### [Exercise]
Starting from the line containing "Dsquared2 Badeshorts Schwarz", give again every line through the end of the entries, word for word. Pictures stay out of the copy.

[Captioned web images]

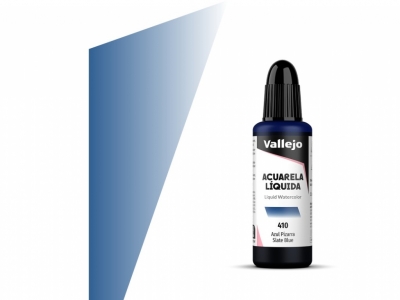 Vallejo Acuarela Liquida, 33.410, Slate Blue, Серо-синяя, 32 мл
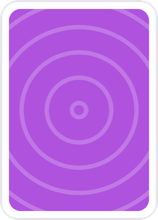 Card back: purple circles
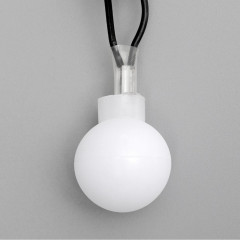 НИТЬ DCR. 5 м, с насад. “Шарики Белые”, IP20, Н.Т. LED-30-220V, 8 режимов, БЕЛЫЙ     
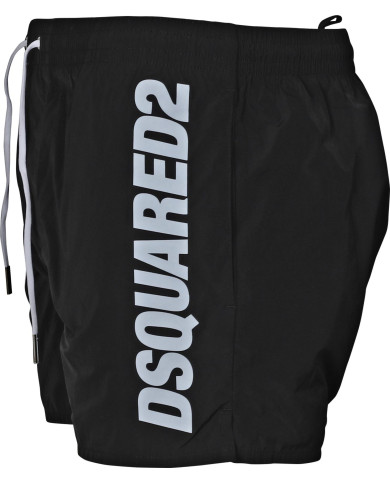 Dsquared2 Badeshorts Schwarz mit Logo | 3punkt5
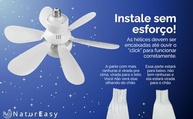 Ventilador de Teto com Lâmpada LED 40W E27 - Silencioso, Moderno e com Controle Remoto (42cm) - imagem 3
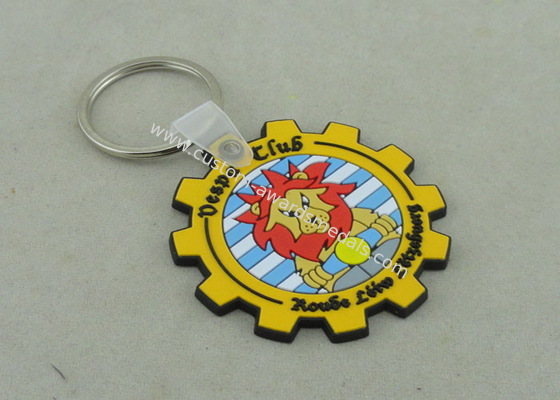 Personalized 2D Soft PVC Keychain Custom Key Chains With Plastic Material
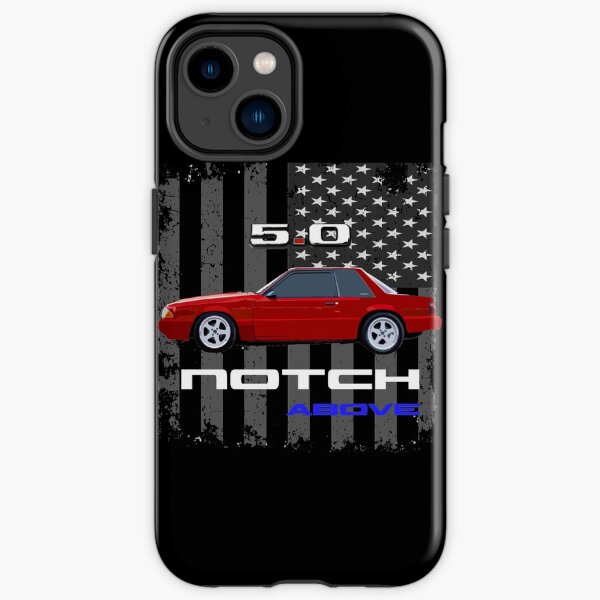 Foxbody Mustang 5.0 Kerbe oben iPhone Robuste Hülle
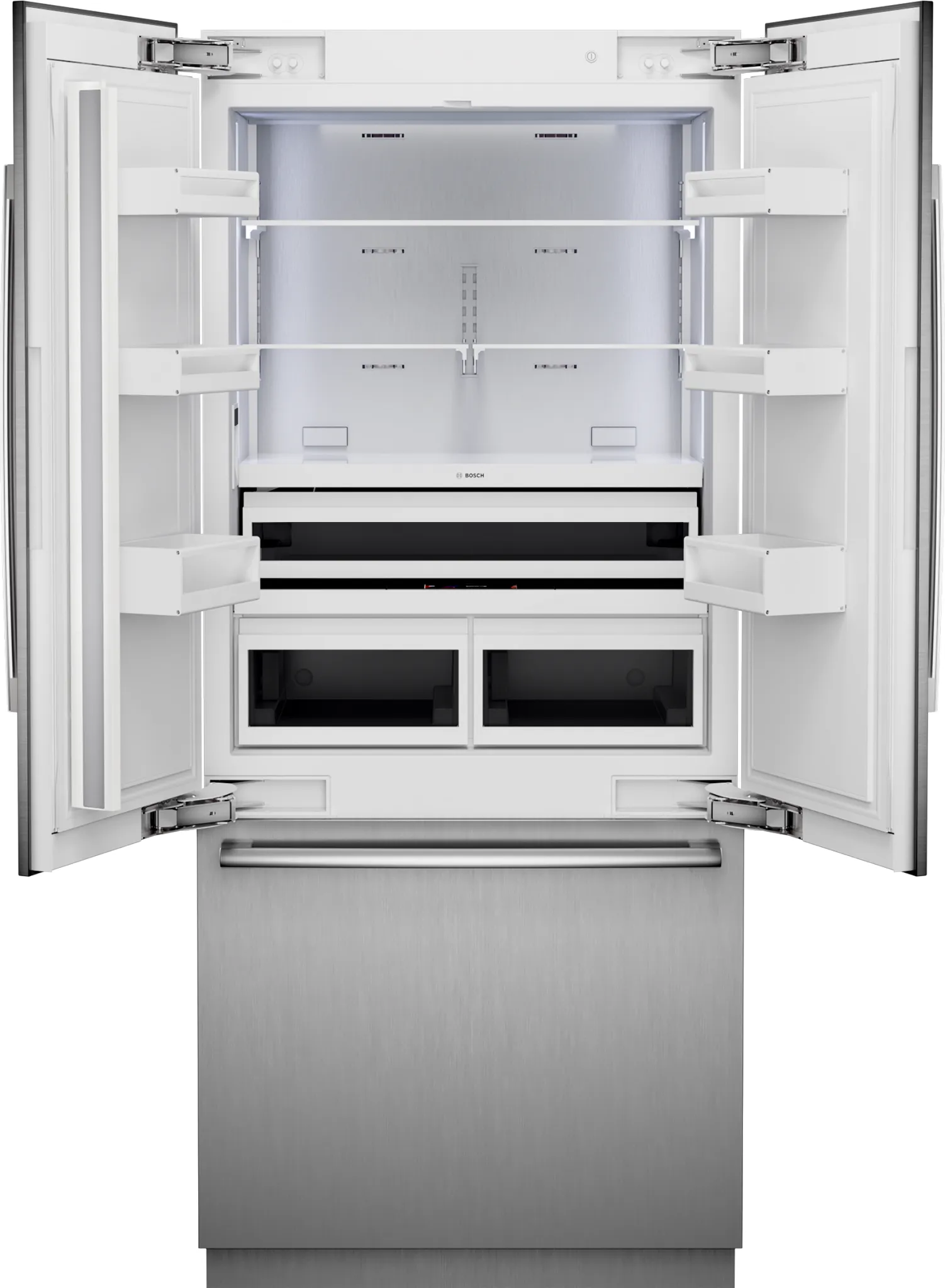 Benchmark Stainless Steel 36" Bottom Freezer Refrigerator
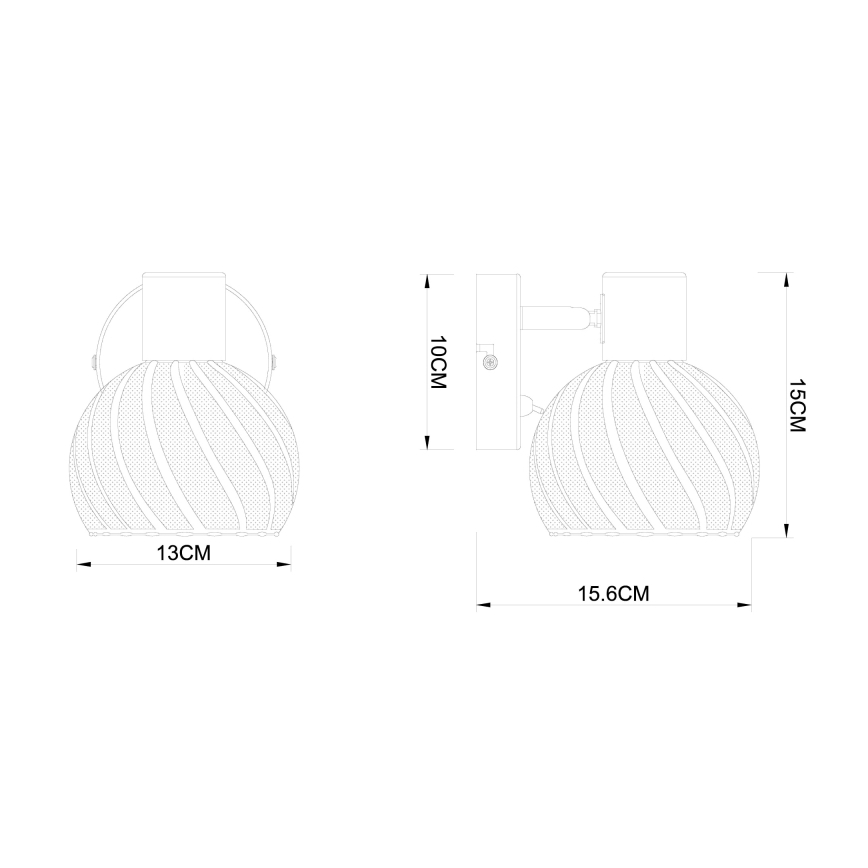 Globo - Zidna reflektorska svjetiljka 1xE27/40W/230V
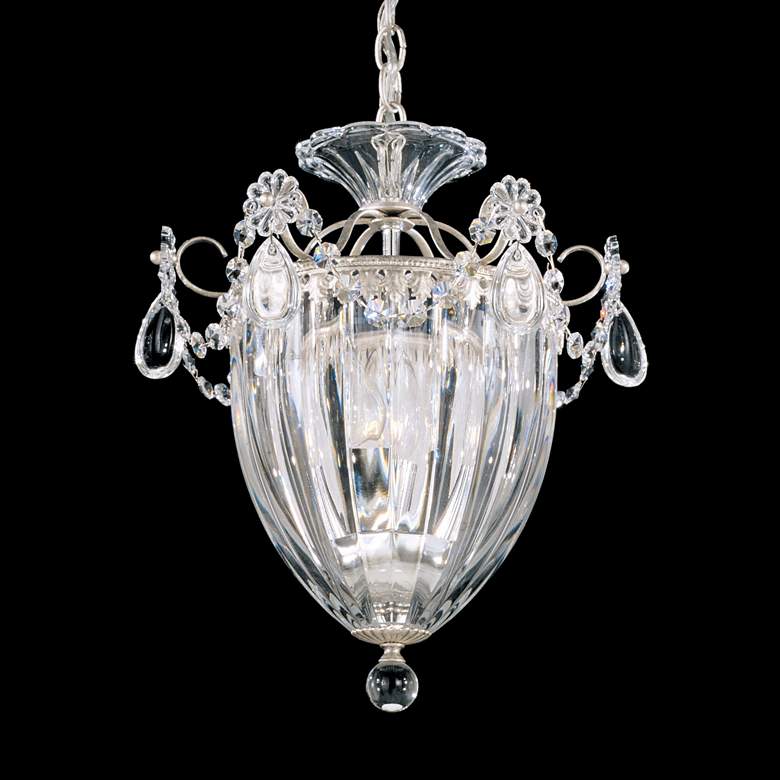 Image 2 Bagatelle 3-Light Pendant in Antique Silver with Heritage Handcut Crystal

### [Response]
 Dsquared2 Badeshorts Schwarz mit Logo | 3punkt5
 Ventilador de Teto com Lâmpada LED 40W E27 - Silencioso, Moderno e com Controle Remoto (42cm) - imagem 3
 Personalized 2D Soft PVC Keychain Custom Key Chains With Plastic Material
 Foxbody Mustang 5.0 Kerbe oben iPhone Robuste Hülle
 Benchmark Stainless Steel 36" Bottom Freezer Refrigerator
 Globo - Zidna reflektorska svjetiljka 1xE27/40W/230V
 Image 2 Bagatelle 3-Light Pendant in Antique Silver with Heritage Handcut Crystal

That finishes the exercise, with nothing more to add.